A serious amount of outlining, notes, and mapping out the structure happened well before any prose was written. It took a couple of years actually, and I had almost 700 pages in this massive file that probably only made sense to me. That file became the basis of the first book, and there is enough stuff in there leftover to write the next two instalments of the trilogy.


How long on average does it take you to write a book?

There is no “average” really to date, since there has been only one book.

This first one took several years actually. The initial idea was hatched in July 2007, the outline was done by end year, and then I spent two years collecting data, making notes, doing research, emailing and talking to friends, and throwing down any thoughts on the keyboard that came to mind. After those near 700 pages were done, then I set about to really writing it all out in normal sequential fashion a reader could understand, and that happened over 2010 and 2011, along with some initial editing, largely to refine my style and skills per below. 

Along the way, I realized the initial concept as envisioned, one novel, was way too long, and would be on target for 1500 pages when complete, so I decided I had to pull it apart like spaghetti strands from a pile, into a trilogy, and that took a lot of work to figure out.
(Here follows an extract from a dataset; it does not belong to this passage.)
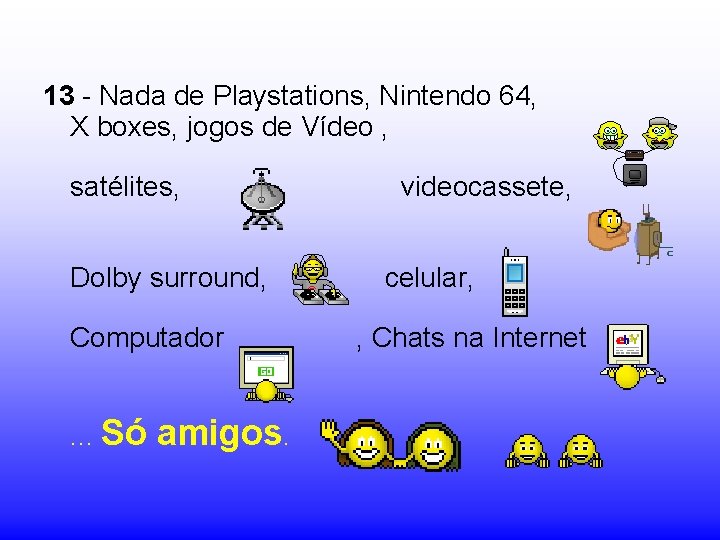 13 - Nada de Playstations, Nintendo 64, X boxes, jogos de Vídeo , satélites,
The first full draft was complete on the afternoon of May 5, 2012 (cinco de mayo on a full moon that evening), and editing took another year thereafter, and then formatting and layout for e-book distribution took until late August 2013. It was a long road, and a lot of the initial editing work in 2010 was really also doubling as writing tutorial and education as I really was working more on refining my capabilities and style.


Do you ever get writer’s block?

Fortunately, not yet. Lucky so far. If it looked like I was getting stuck on one passage or chapter, I could easy change gears by moving to another chapter, or do some research or editing on another part or angle altogether.


Do you proofread/edit all your own books or do you get someone to do that for you?

I am a big believer in having a detached, capable and professional set of eyes look at your work, and make it much better. I think it is very difficult for most of us to cook up a flawless and pristine manuscript on our own, or having your aunt who was an English major review it.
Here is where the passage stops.